It’s me. Your friendly, neighborhood’s troll :)

I thought to get a head start on my new year’s resolution to be more helpful.

I have to tell you though, It's not even the new year yet, and I know I will fail:

It’s making me more nauseated.

Happy New Year :)

Guest Dec 31, 2015

#13**0 **

Hi Naus,

I know your message is intended for our guest but that won't stop me from adding my 2 cents worth!

I have a tip for you.

When you are posting incognito, it is best not to give your name......

It kinda gives your identity away!

Anyway, **Happy New Year** to you.

I even found you a gift!

[You just need to extract it from the previous owner first - No bid deal for you I am sure ]

Melody Dec 31, 2015

#14**+5 **

Bertie

Sorry Melody, it was me, I'm responsible for both #7 and #10, I just forgot to sign them.

The login problem has not been resolved.
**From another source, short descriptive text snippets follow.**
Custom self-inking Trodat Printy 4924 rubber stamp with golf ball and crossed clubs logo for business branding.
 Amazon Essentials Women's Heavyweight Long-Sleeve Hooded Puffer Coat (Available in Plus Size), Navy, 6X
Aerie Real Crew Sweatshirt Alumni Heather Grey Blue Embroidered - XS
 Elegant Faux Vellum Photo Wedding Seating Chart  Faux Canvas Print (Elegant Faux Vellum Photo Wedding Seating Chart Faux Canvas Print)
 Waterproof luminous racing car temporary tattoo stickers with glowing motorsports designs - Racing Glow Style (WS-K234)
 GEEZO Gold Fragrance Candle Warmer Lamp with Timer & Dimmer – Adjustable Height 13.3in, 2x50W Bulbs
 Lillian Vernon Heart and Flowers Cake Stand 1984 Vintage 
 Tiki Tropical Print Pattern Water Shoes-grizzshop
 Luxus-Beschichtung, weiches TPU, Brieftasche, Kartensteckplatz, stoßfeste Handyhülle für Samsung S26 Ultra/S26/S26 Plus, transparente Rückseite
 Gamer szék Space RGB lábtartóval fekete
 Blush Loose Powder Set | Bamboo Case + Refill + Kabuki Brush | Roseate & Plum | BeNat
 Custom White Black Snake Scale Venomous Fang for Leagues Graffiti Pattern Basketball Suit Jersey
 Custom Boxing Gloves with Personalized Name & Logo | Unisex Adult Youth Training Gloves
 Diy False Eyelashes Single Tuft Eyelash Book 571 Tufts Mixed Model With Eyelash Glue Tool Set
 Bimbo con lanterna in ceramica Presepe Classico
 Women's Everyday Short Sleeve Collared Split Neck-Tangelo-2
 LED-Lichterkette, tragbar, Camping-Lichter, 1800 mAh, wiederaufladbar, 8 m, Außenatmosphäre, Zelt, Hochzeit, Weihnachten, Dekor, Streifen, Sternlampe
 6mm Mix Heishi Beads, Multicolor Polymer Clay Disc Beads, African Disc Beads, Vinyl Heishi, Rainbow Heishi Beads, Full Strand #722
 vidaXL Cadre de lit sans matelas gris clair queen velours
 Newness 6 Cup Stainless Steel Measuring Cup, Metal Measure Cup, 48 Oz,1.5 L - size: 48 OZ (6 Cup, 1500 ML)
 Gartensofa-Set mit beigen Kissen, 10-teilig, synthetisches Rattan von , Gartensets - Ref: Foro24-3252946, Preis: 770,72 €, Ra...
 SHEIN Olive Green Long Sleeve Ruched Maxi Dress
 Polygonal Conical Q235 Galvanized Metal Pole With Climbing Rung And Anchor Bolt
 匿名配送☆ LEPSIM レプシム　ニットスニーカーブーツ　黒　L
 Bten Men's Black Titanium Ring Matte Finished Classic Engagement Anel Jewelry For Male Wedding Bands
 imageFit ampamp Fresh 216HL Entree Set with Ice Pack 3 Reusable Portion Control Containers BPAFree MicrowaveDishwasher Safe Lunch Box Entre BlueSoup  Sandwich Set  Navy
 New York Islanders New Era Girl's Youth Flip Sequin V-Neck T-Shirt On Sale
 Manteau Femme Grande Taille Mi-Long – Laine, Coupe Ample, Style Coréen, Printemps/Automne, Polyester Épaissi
I login and my name appears up in the top right hand corner and also one of those thingys showing who's on line appears at the bottom. Then as soon as I try to do something, like reading mail, I'm told that I'm not logged in. It would appear that I am not alone, a number of others seem to have the same problem.

Anyway, I hope that Christmas went well for you, and really best wishes for the new year

Bertie

Guest Dec 31, 2015

#15**+5 **

I knew it was you Bertie; I recognized your voice and your accent. Happy New Year.

Subtly signing my name to your work was a great way to troll Melody for the start of the New Year.

Thanks Melody for the Paddywhack and giving this troll a bone. Rover doesn’t mind sharing.

Nauseated Dec 31, 2015

#16**0 **

Hahaha, I had to read your message about a dozen times before i realized what you were talking about Naus.

I never even considered that anon might be you!! I knew that anon was both smart and sweet so he could not have been you!! ROF LOL

Thanks Bertie, it is always a great pleasure having you on the forum. You must remember to sign your name at the beginning of our posts though!

**A Very Happy New Year to you both. **

Melody Jan 1, 2016